Fed officials invoked emergency powers last month to lend money to Bear Stearns after the fifth-largest U.S. securities firm by market value said it might file for bankruptcy.
"The panicked decision jumped over other possibilities" and may prove as damaging as Fed policy errors that caused the "great contraction" of the 1930s and the "great inflation" of the 1970s, Reinhart said yesterday.
Reinhart made the comments at a seminar on the credit crisis at the American Enterprise Institute in Washington, where he is a resident scholar. He became director of the Division of Monetary Affairs at the Board of Governors in 2001 and held that position until he left in September.

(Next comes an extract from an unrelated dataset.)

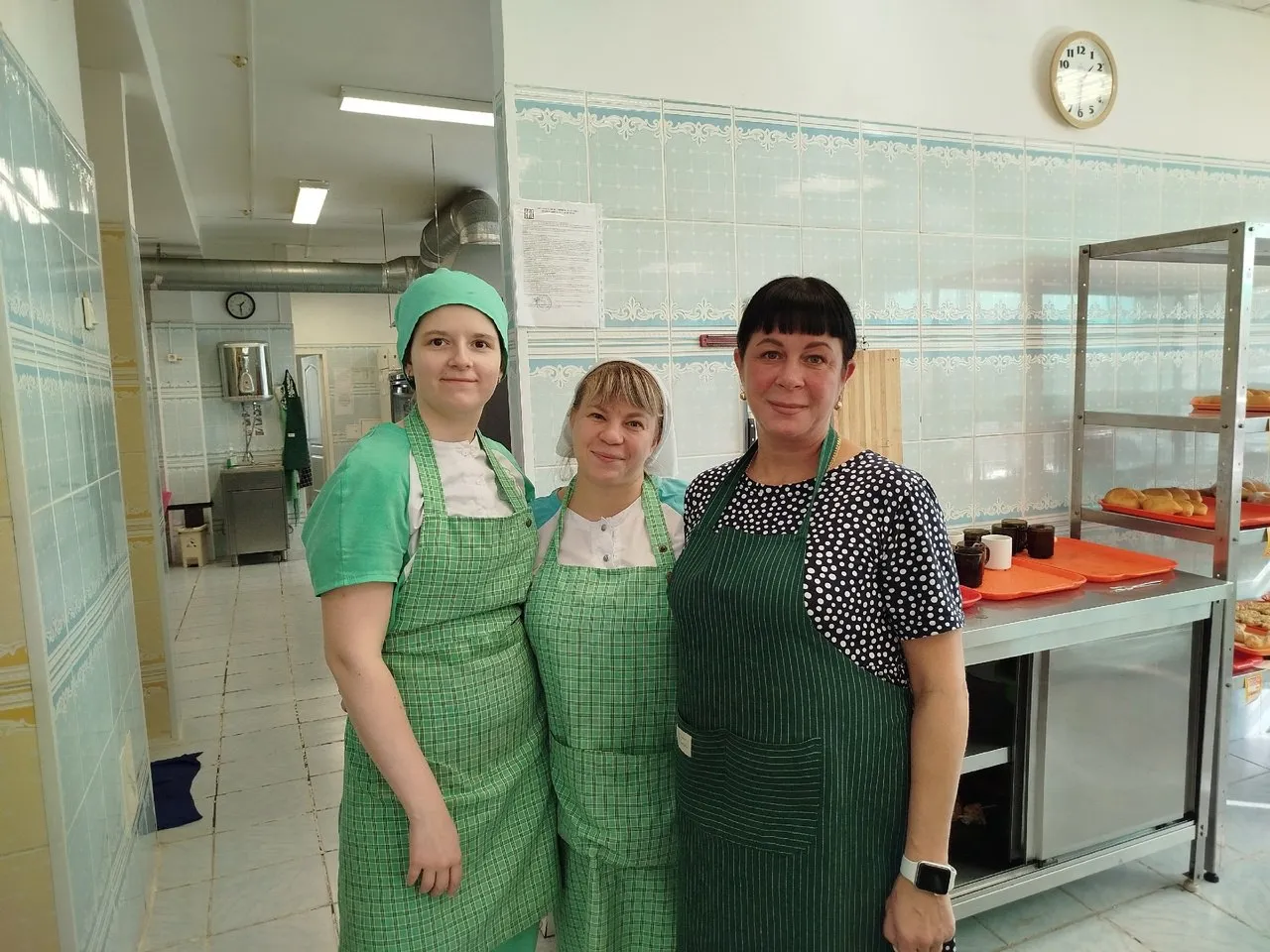Повара красноярской школы № 99 насушили 44 килограмма сухарей для бойцов СВО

The Fed's actions "eliminated forever the possibility that the Federal Reserve could serve as an 'honest broker,' " Reinhart said in a slide presentation sent to Bloomberg News by e-mail. The central bank also "tilted the political playing field toward direct mortgage relief."
The Fed's Board of Governors invoked an emergency rule on March 14 to lend $13 billion to Bear Stearns after the firm informed New York Fed President Timothy Geithner that it would have to file for bankruptcy. Two days later, the Fed agreed to finance $30 billion of illiquid Bear assets to secure its takeover by J.P. Morgan Chase.
The Fed also opened up lending on March 16 to investment banks, known as the primary dealer credit facility, another unusual extension of credit by the Fed to non-bank corporations.
Geithner told a congressional hearing April 3 that the risks of the Fed's actions "are modest in comparison to the substantial damage to the economy and economic well-being that potentially would have accompanied Bear's insolvency."